El monólogo interior suele ser entonces una de mis respuestas ante un hecho proveniente de afuera y, claro, suelo pensar más cosas si proviene de una persona conocida que si se trata del simple y pequeño golpe de una ramita caída de un árbol mientras yo pasaba por debajo. Ni los animales ni las cosas pueden en realidad enviarme mensajes armados con lenguaje, aunque yo así lo pudiera interpretar en muchas ocasiones, sobre todo cuando en forma antropomórfica califico el comportamiento de mi mascota como si se tratara de un diálogo con palabras. Claro que mi perrito pudo “enojarse” conmigo si lo agredí o lo asusté, pero aun en ese caso su molestia es genuinamente instintiva: real y física.

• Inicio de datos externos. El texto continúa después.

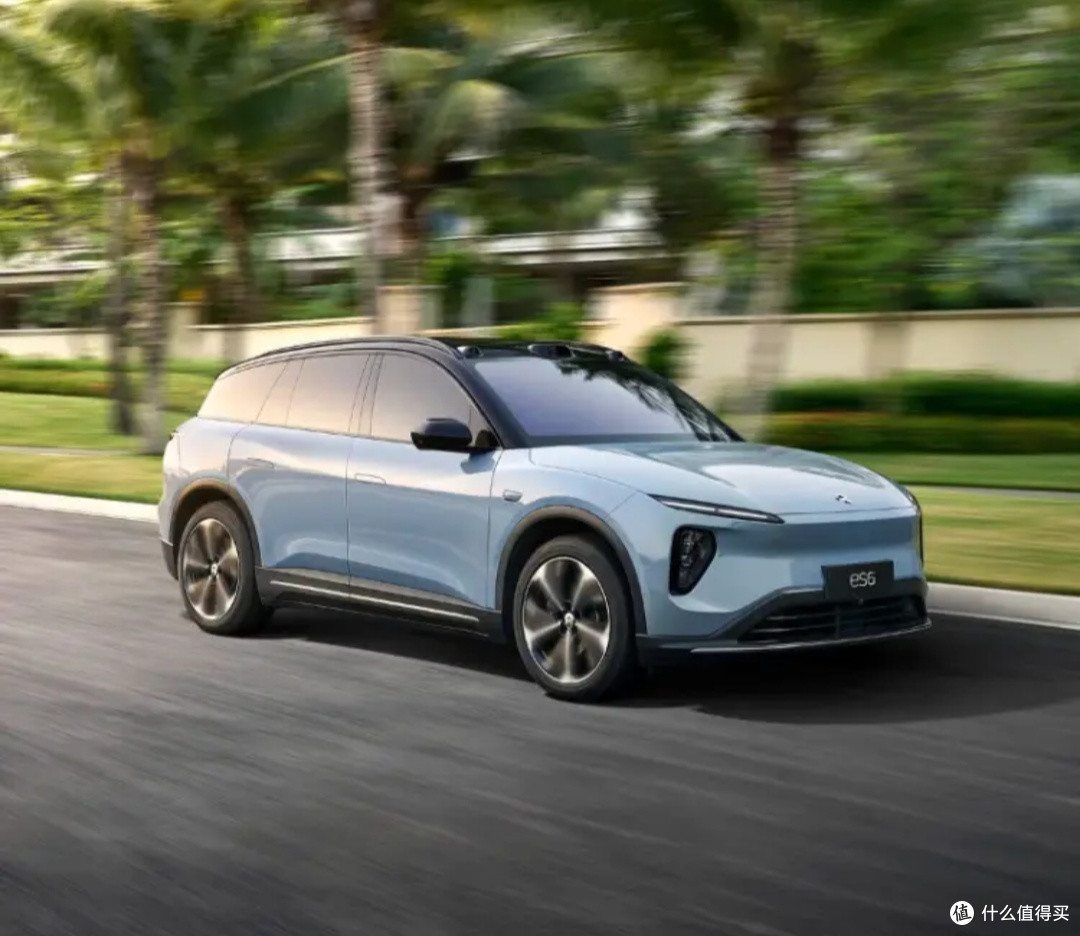 纯电出行新选择:蔚来ES6 75kWh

También, del mundo exterior me llegan tanto acciones físicas como palabras producidas por las personas en la realidad con la cual interactúo. Analicemos el primer caso: cuando recibo una acción física (un pequeño choque al caminar, o quizá un beso en la mejilla), en forma inmediata surgen en mi interior pensamientos (en forma de más palabras) y emociones y sensaciones, lo cual desencadena una compleja serie de combinaciones, dando como resultado una reacción de mi parte que aplico al mundo exterior en forma de —en este primer caso esquemático y simplificado— otra acción física (me muevo para amortiguar el empujón, o quizá contesto el beso con una sonrisa).
Pero si del exterior me llegan palabras (y ni siquiera es necesario que la persona en cuestión esté presente ante mí, porque también puede ocurrir por teléfono o en forma escrita), entonces igualmente esas palabras me producen pensamientos (o sea, más palabras), muchas de las cuales generan emociones y deseos que a su vez evocan más palabras, más imágenes y más emociones, sensaciones y sentimientos; otras palabras y otros deseos. Esta pulsante realidad continúa hasta hacerme producir una reacción en forma de palabras o de actos, mediante un complejo esquema de palabras, acciones, emociones y reacciones.
¿Pero todas estas reacciones mías —acciones y palabras— emitidas hacia el mundo exterior acaso no podrán ser captadas luego por otra persona? ¿Y si cada uno de nosotros es “el otro” para cada uno de los demás, no significará eso que mis reacciones de salida podrían ser los estímulos de entrada recibidos por otras personas, y viceversa?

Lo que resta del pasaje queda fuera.